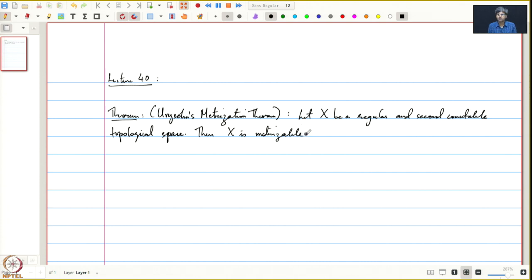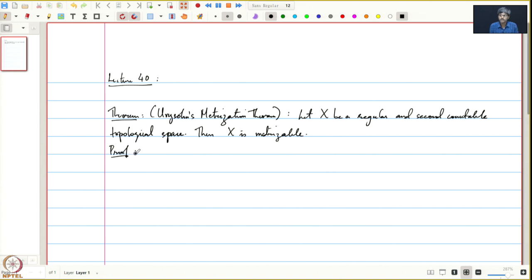In other words, we can put a metric on x such that the topology induced by the metric is the same as the topology on x that we started with. The idea is to use what we proved in the previous lecture: that Rⁿ, the countable product of R, is metrizable.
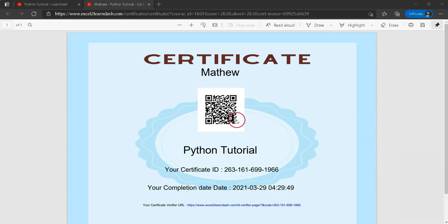If your user completes the course, the certificate with a QR code will be printed on the certificate.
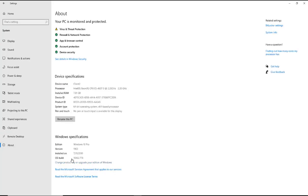Now we see a couple different things down here at the bottom under the Windows Specifications. Besides the Windows 10 Pro Edition in this particular case, we also see the version. So version 1903. The 19 stands for 2019, and then the 03 generally stands for the month that it's in.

**Exercise instructions:** Starting with the line that holds "If your user", copy every line exactly through the final line of the material, but skip the pictures.

**Exercise result:**
If your user completes the course, the certificate with a QR code will be printed on the certificate.
Now we see a couple different things down here at the bottom under the Windows Specifications. Besides the Windows 10 Pro Edition in this particular case, we also see the version. So version 1903. The 19 stands for 2019, and then the 03 generally stands for the month that it's in.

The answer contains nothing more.